An Initial Coin Offering (ICO) is a kind of crypto token sale that is used as a method of fundraising, similar to an Initial Public Offering (IPO), in which stocks are sold to raise money for a company.
In order to launch an ICO, a company simply needs to create a website, issue a token, and set a time and date for the sale.
Investors buy ICO tokens in exchange for another cryptocurrency, like Bitcoin or Ethereum; after a set amount of time, they receive the tokens they purchased in the sale.
Accompanying most major ICOs has been the prevalence of a whitepaper.
A whitepaper serves as both a persuasive sales pitch, and in-depth report on a specific topic that presents a problem and provides a solution.

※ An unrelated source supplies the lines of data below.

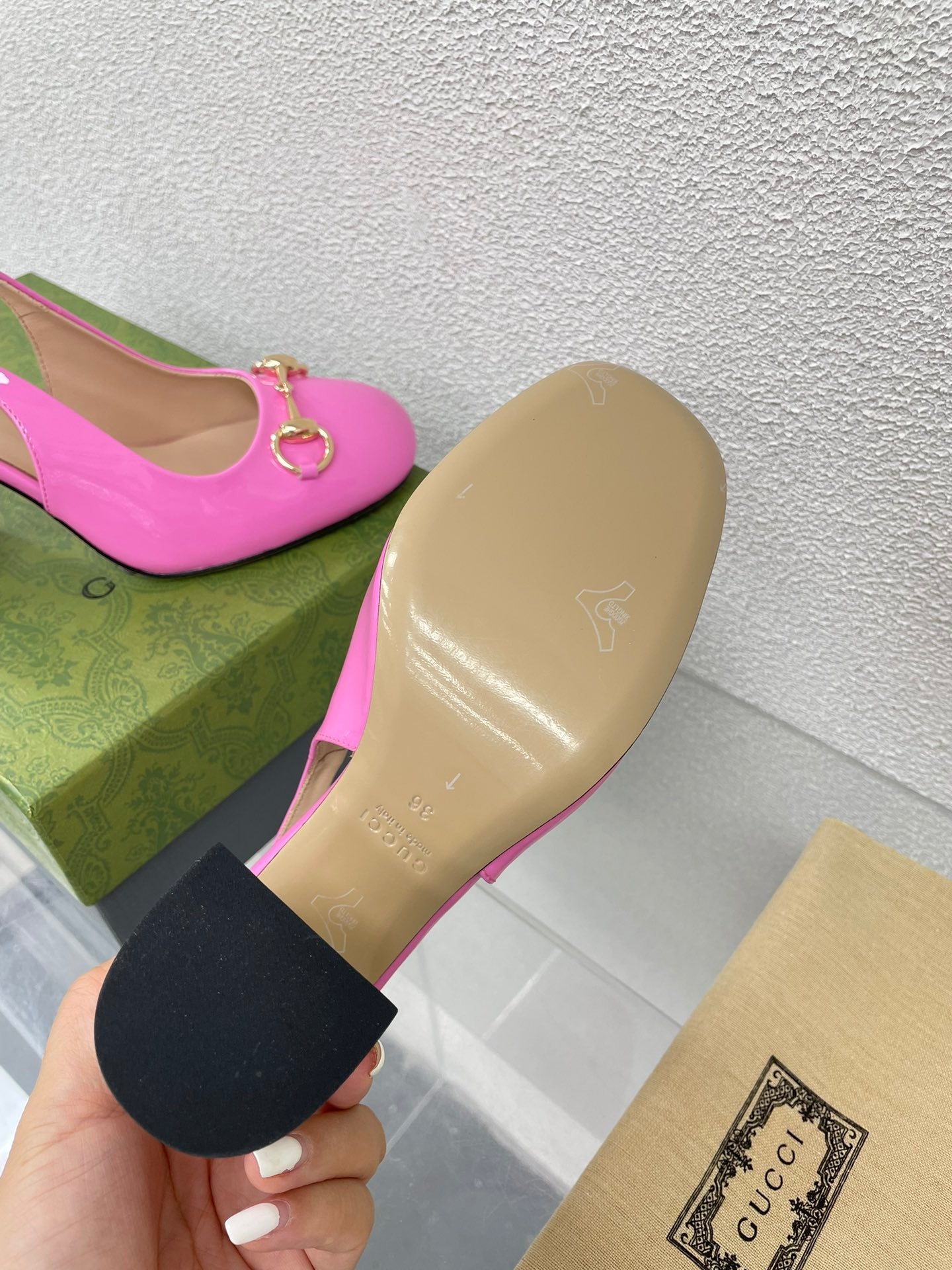 GG WOMEN'S HORSEBIT SLINGBACK 95MM IN FUSICA PINK CALFSKIN WITH RHINSTONES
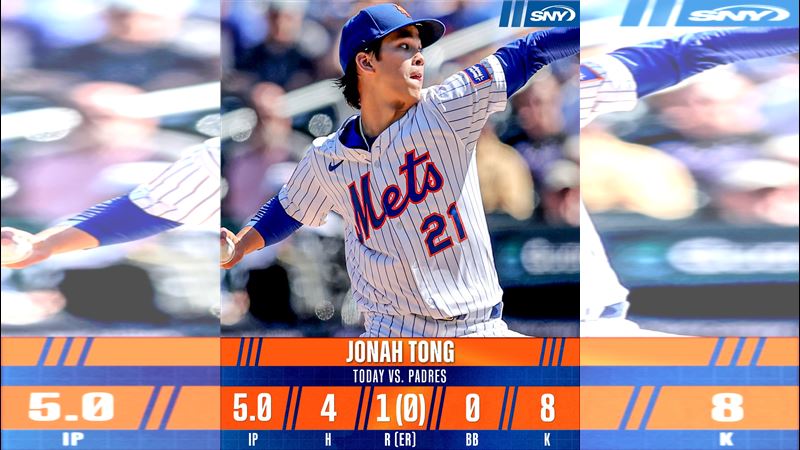 大都會港裔投手董天賜（Jonah Tong）先發5局0責失。（圖／翻攝自SNY Mets推特）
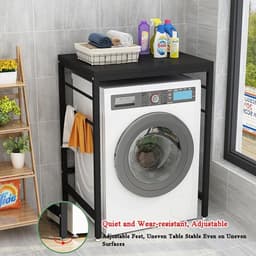 Opbergrek Boven Wasmachine en Droger - Vrijstaand Badkamer Rek Opslag — thumbnail 2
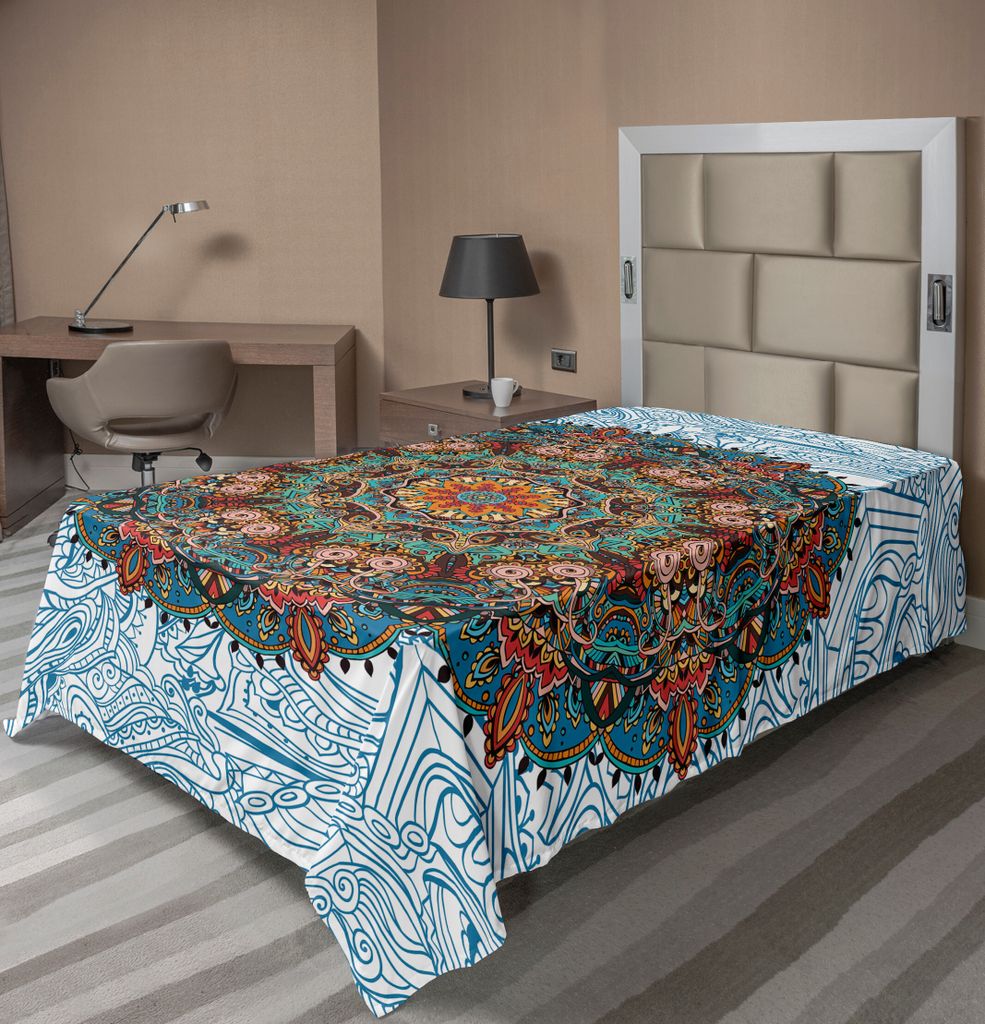 ABAKUHAUS Mandala Bettlaken, Östliche runde mit Blumenverzierung mit Arabesque-Einflüssen auf blauem und weißem Hintergrund, weiches bequemes ob...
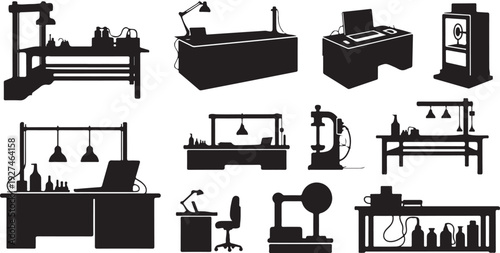 Silhouette of various laboratory equipment and workstations setup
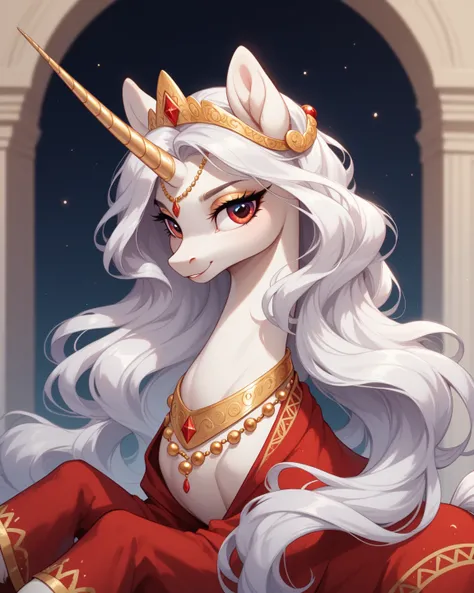 Pony a beautiful red unicorn mare with a long, flowing mane and tail. Her silver horn is extremely long and thin. She may have a slim Arabian build, but her wavy mane and feathered feet say otherwise. Gold beads adorn her face, mane, and tail.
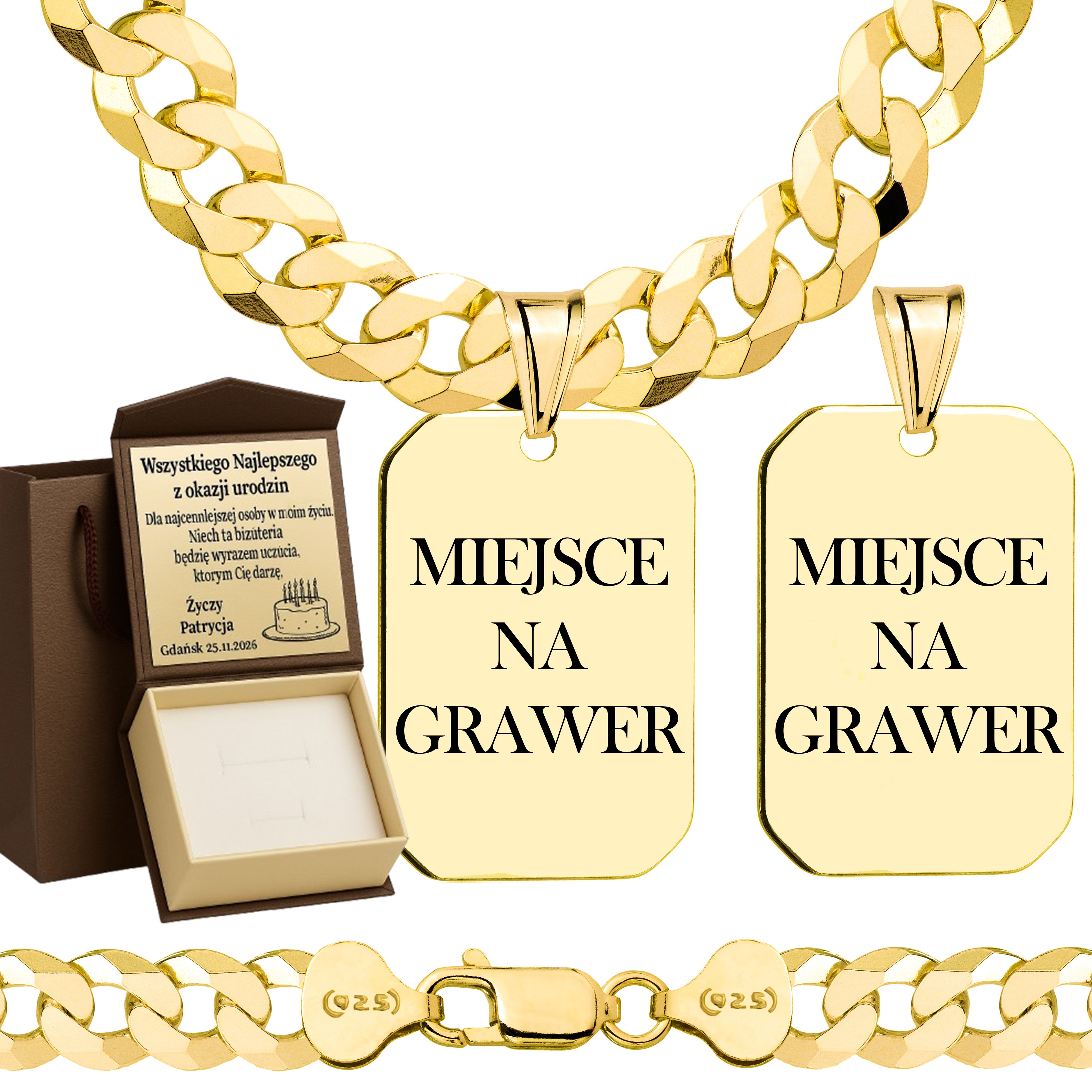 Łańcuszek pozłacany srebrny z nieśmiertelnikiem pancerka 7,5mm pr. 925 585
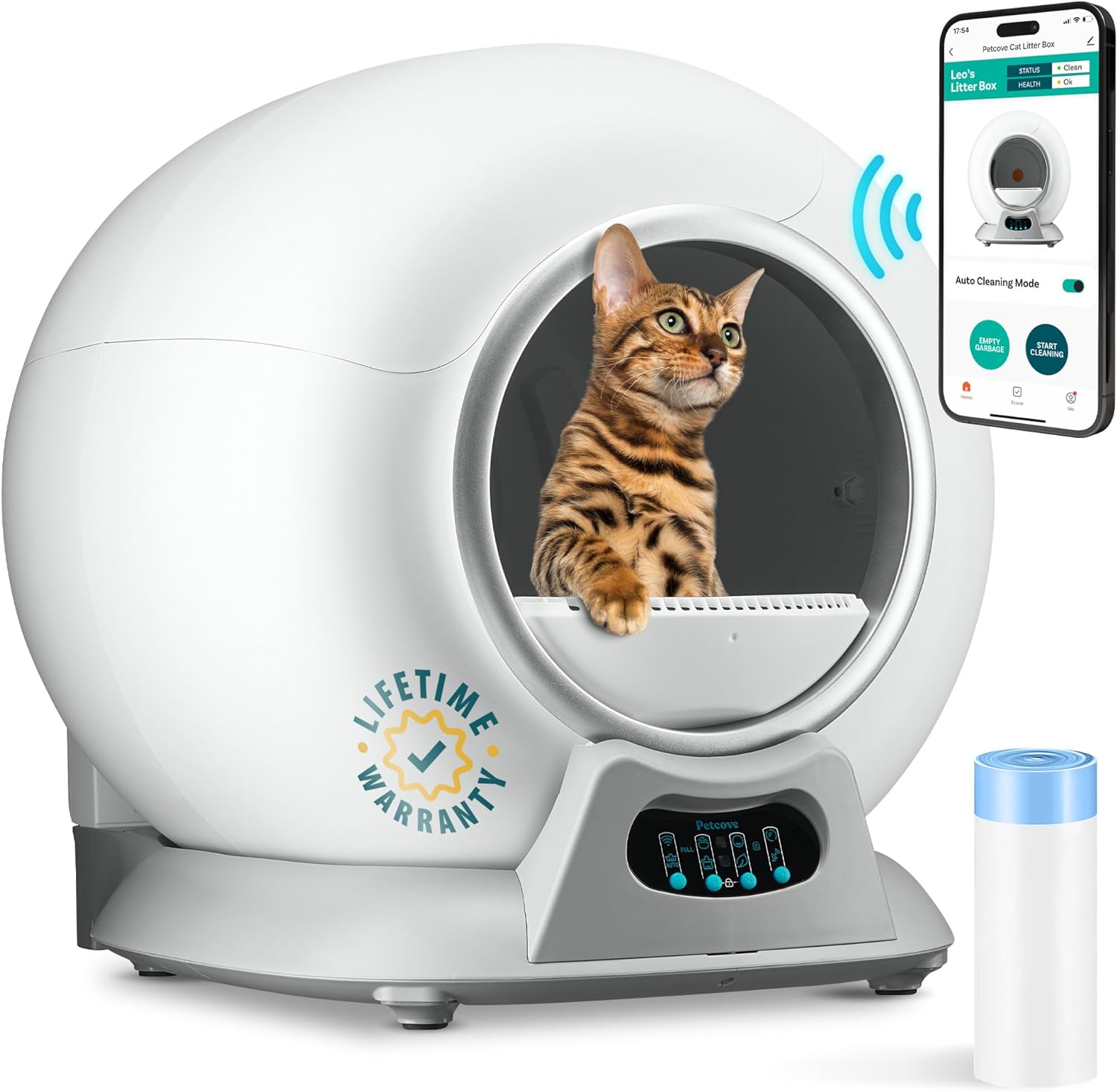 PetCove Intelligente selbstreinigende Katzentoilette – automatisiert, ohne Schaufeln, Geruchskontrolle, App-fähig, perfekt für mehrere Katzen, Grau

Most marketers relied on whitepapers to educate their respective audience about a particular issue, or explain and promote a particular methodology that an ICO could potentially solve.
The information enclosed in whitepapers have historically been met with skepticism.
Why ICOs Have Fallen Out of Favor
This is due in large part to the early days of ICOs, as this practice was highly unregulated and extremely risky.
Because there were no regulations delineating who could and could not hold an ICO, many bad actors or incompetent technologists saw the practice as an opportunity to grab a lot of fast cash.
As a result, many investors have lost quite a lot of money – their tokens were either never returned to them, or the companies who issued the tokens failed within several months of the token’s official launch.
Regulators around the world have cracked down on the practice, which has resulted in a slightly “cleaner” ICO space.
However, ICOs have garnered a pretty bad reputation and are still regarded as generally untrustworthy.
As such, other methods of fundraising, such as Initial Exchange Offerings (IEOs) and Security Token Offerings (STOs) have been born.